I just drilled it as best I could. The drill template was online right after I finished, but it worked.









						New item by Jonathan Freeman
					






					photos.app.goo.gl
				












						New item by Jonathan Freeman
					






					photos.app.goo.gl
				




Sounds crazy just like the real deal!


----------



## Jovi Bon Kenobi (Jun 23, 2019)

Well done! You earned your speed badge long ago, huh


----------



## geekmacdaddy (Jun 23, 2019)

cool pedal, cool build.


----------



## chongmagic (Jun 23, 2019)

Jovi Bon Kenobi said:


> Well done! You earned your speed badge long ago, huh



Thank you!


----------



## chongmagic (Jun 23, 2019)

geekmacdaddy said:


> cool pedal, cool build.


Thanks Geek!


----------



## griff10672 (Jun 23, 2019)

very nice !!


----------



## prairiestate (Jun 23, 2019)

Awesome! How are you liking it? Any neat pairings with other pedals?


----------



## p_wats (Jun 24, 2019)

Wow! That was fast. I've got parts on the way for this one. Looks great!


----------



## wastedspaceman (Jun 25, 2019)

It looks like it might but do you think there's room for a relay bypass board for the magic switch?


----------



## chongmagic (Jun 26, 2019)

wastedspaceman said:


> It looks like it might but do you think there's room for a relay bypass board for the magic switch?



It would possibly fit. I would probably use it for the main bypass switch instead if I were going that route.


----------



## Robert (Jun 26, 2019)

wastedspaceman said:


> It looks like it might but do you think there's room for a relay bypass board for the magic switch?



The standard relay board isn't wired correctly for the Magic switch.    I'll have one soon that would work.


----------



## p_wats (Jun 26, 2019)

Robert said:


> The standard relay board isn't wired correctly for the Magic switch.    I'll have one soon that would work.
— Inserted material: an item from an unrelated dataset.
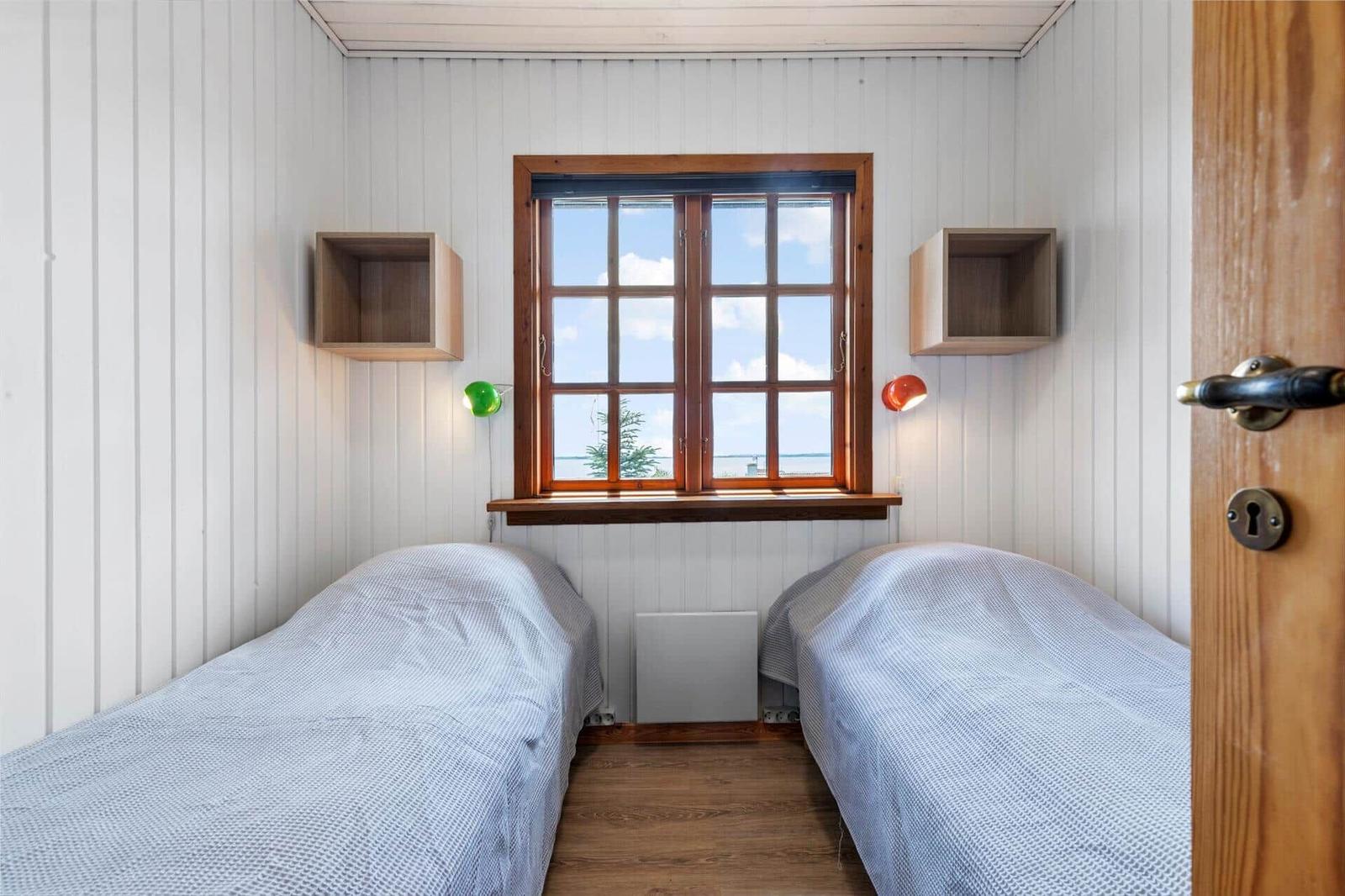 Zwei Betten unter einem Fenster mit Blick aufs Meer. Holzwände und -boden.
Could you use the standard relay board, but wire the connections to the main PCB differently?


----------



## wastedspaceman (Jun 26, 2019)

Robert said:


> The standard relay board isn't wired correctly for the Magic switch.    I'll have one soon that would work.
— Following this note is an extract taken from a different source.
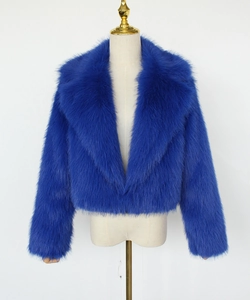 Detailed close-up of the plush faux fur texture and lapel design on the royal blue jacket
Ahh thanks for the heads up. I'll be on the look out for the new board


----------



## xixaro (Aug 17, 2019)

Hello,

mine is working, but I am experiencing some sizzle and end distortion, making the effect sound dirty.
Do you confirm?

Thank you

3 samples sounds here - clean - fx 1 - fx 2
sample sound


----------



## p_wats (Aug 17, 2019)

xixaro said:


> Hello,
> 
> mine is working, but I am experiencing some sizzle and end distortion, making the effect sound dirty.
> Do you confirm?
> ...



No distortion on mine.


----------



## chongmagic (Aug 17, 2019)

No distortion on mine either.


----------